Wednesday, July 18, 2012

Reverting to Paper Patterns

Despite all my work on the various UFOs that had been languishing in my knitting basket, I was jonesing for casting on a sweater. I don't know when I turned into a sweater knitter, as the year before, I was all about knitting socks.

But now, if you look at my finished Ravelry projects, I've finished four sweaters this year, which isn't too bad, all things considering.

And I just started a new sweater, involving cables and double moss stitch. I was dutiful and made a cabled gauge swatch. Normally, I knit loosely and have to go down 2 needle sizes from the recommended needle, but as this involved cables, I tried the recommended US 7. However, I didn't like the resulting fabric too much as I felt it was too dense, so I went up to a US 8 and got gauge.
  Raspberry Cardigan Gauge Swatch 

The swatches were washed & blocked, and I started knitting on the sweater. But I had to frog the beginnings of it once over, because I couldn't get the cabling correctly, because the front starts with a partial cable and as you increase stitches, you work the cable pattern. And my poor brain couldn't wrap itself around the concept, nor could I visually see how this was going to work.
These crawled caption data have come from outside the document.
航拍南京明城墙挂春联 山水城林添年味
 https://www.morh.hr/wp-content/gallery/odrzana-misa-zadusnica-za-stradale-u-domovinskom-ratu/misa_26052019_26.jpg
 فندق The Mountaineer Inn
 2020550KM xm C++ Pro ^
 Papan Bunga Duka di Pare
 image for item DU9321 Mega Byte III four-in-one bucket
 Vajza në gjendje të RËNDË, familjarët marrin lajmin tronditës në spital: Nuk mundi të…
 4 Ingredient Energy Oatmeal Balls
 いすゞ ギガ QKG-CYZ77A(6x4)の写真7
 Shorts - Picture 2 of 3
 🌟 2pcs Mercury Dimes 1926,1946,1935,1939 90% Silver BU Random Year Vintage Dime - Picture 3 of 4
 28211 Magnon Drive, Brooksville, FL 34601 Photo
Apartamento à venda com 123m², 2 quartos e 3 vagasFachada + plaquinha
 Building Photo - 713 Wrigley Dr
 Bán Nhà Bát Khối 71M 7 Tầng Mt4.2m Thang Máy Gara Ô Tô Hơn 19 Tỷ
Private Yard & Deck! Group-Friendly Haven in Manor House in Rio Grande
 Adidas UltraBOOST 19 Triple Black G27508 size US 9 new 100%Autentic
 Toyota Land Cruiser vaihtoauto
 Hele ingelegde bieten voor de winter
I had re-written the pattern to work the sweater as a single piece (instead of having to seam panels), and my Excel spreadsheet was ACCURATE. However, it didn't take into account the visual aspects of the chart (although my iPad displays the chart easily enough.)

I had redid the cabling on both sides...frogged just the cabling...redid the cabling...then eventually frogged back to before the cabling started. sigh.

Then I hit on a simple solution: PAPER

My pattern is digital on my iPad, and my PDF reader has a nifty feature that allows me to highlight notes and some charts, but sometimes you need to have something in front of you that is visceral.

I printed out the cable chart and went through the pattern line-by-line with highlighter and pencil in hand, and marked out where increases happened and where it was the cable pattern for the Left Side. Then I repeated this exercise for the Right Side. Now I can clearly see how the cabling is going to look on the sweater.

Colored Charts
Hopefully, this trick will help me get this patterning right.

Oh, don't get me wrong. Using my iPad for reading patterns is awesome. I love it. And I will continue using my iPad. But sometimes, it helps to mark up a paper pattern just for notes. (I'll still be using my excel spreadsheet to refer to as I knit, however.)